Windows 8 was designed to fit the needs of mobile users, and the new connectivity capabilities it features were aimed specifically at ensuring that users can take full advantage of what Microsoft calls “a mobile and wireless future.”
The platform was re-engineered to offer more in terms of network connectivity, packing enhancements that go beyond incremental improvements.
“This is a good example of work that requires new hardware to work in concert with new software in order to realize its full potential,” Billy Anders, group program manager on Microsoft’s devices and networking team, explains.
“We knew that if we were to give you true mobility, that Wi-Fi alone would not be enough. Therefore, for Windows 8, we fully developed and integrated mobile broadband (MB) as a first-class connectivity experience within Windows – right alongside Wi-Fi,” he also explains.
Broadband capabilities have been included in Windows 7 as well, though things were not as simple when it came to actually connecting to a network.
In addition to SIM cards, specific broadband modems and hardware, users also needed to install drivers on their devices to ensure that the connectivity was possible.

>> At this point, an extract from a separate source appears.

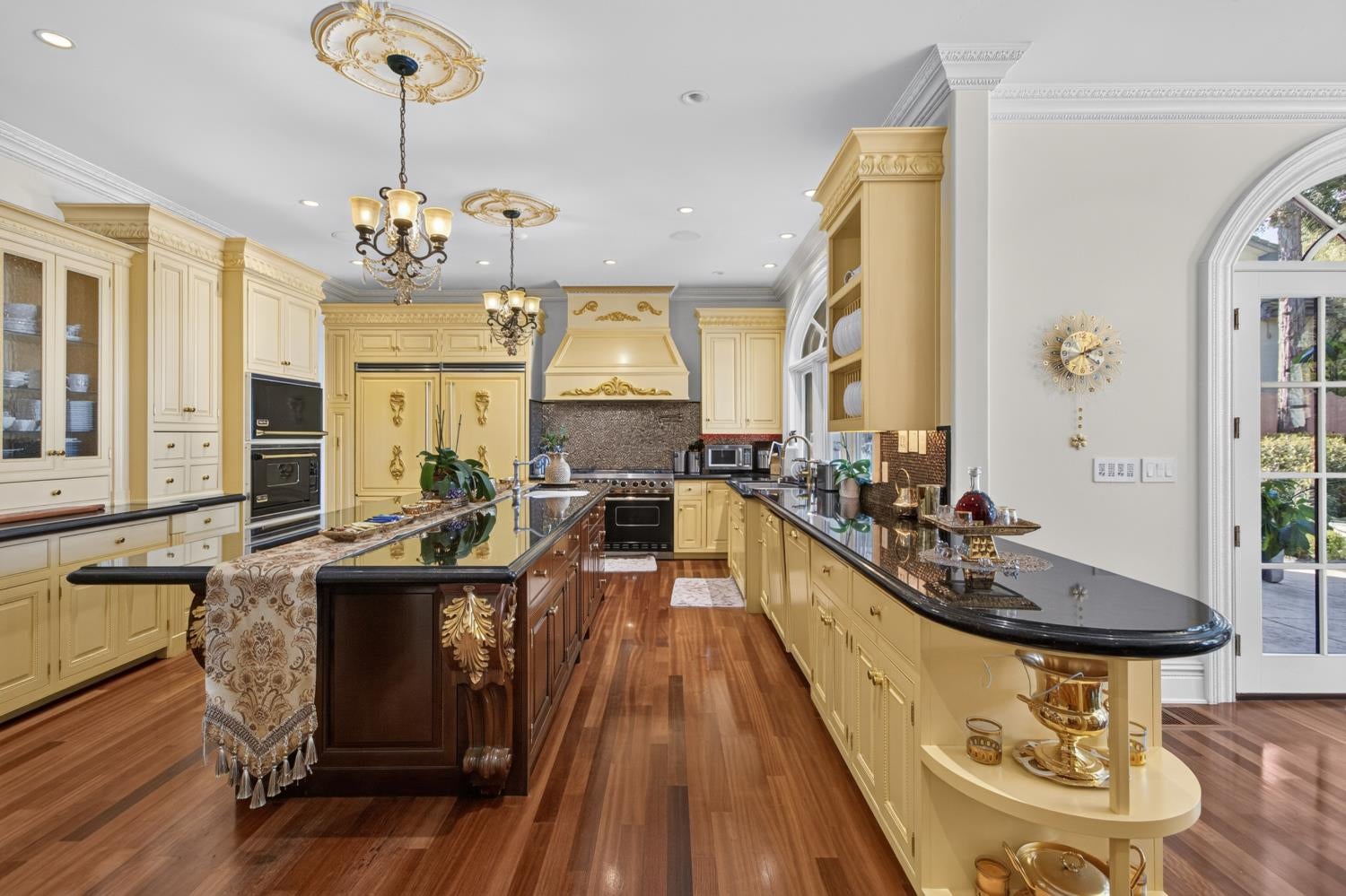 5021 JARDIN Lane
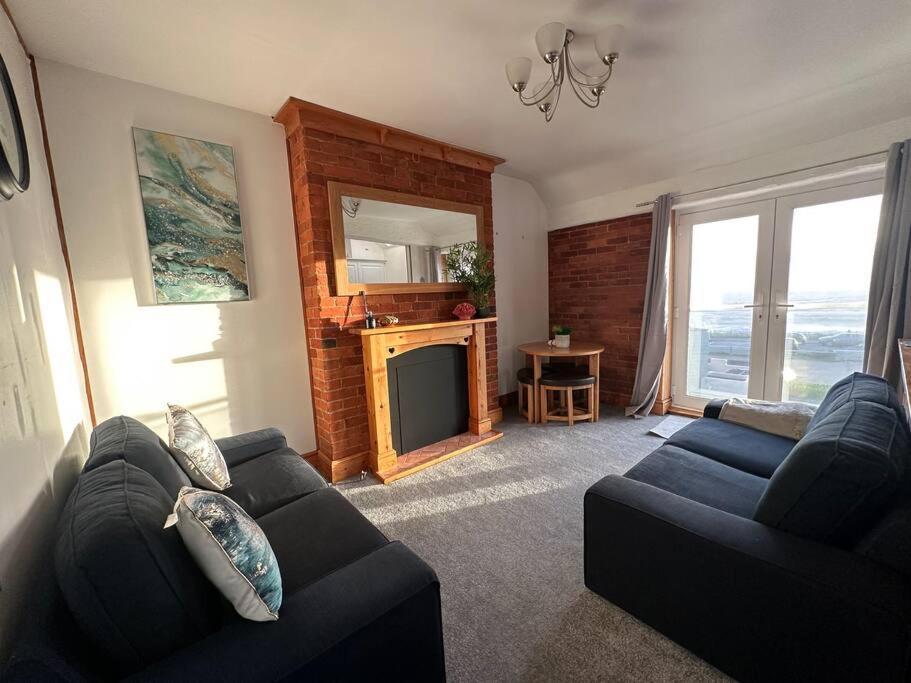 Coastline Retreats - Stunning Sea View Apartment, Netflix Борнмът Екстериор снимка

In Windows 8, Microsoft packed an in-box mobile broadband class driver that offers support for all required devices and which eliminates the need to seek for a specific driver to connect to the Internet.
With Windows 8, you will simply have to plug in the device and connect. The said driver will be up to date at all times through Windows Update, which ensures that users benefit from a reliable mobile broadband experience.
“The USB Implementers Forum (USB-IF) recently approved the Mobile Broadband Interface Model (MBIM) specification as a standard, and major device makers have already begun adopting this standard into their device designs, including some designed for other operating systems,” Anders also notes.
Another important feature in Windows 8 is the possibility to turn on and off individual radios (Wi-Fi, mobile broadband, or Bluetooth). Moreover, there is an airplane mode that disables all of the radios at the same time.
Moreover, Windows 8 prioritizes Wi-Fi networks over broadband when a preferred Wi-Fi network is in range. This should result in less data usage on mobile networks and in reduced costs.
“The new wireless network settings in Windows 8 allow you to see and connect to all available MB and Wi-Fi networks from one convenient user interface. We made sure that this interface is consistent and allows you to think less about which network you want to connect,” Anders explains.
“Windows does this by starting with the right default behaviors, and then it gets smarter by learning your network preferences over time.”
“We designed Windows 8 with you—and mobility—in mind. We set out to simplify your experience with getting and staying connected across mobile broadband and Wi-Fi networks, removing hurdles and whenever possible, doing the right things automatically for you,” Anders concludes.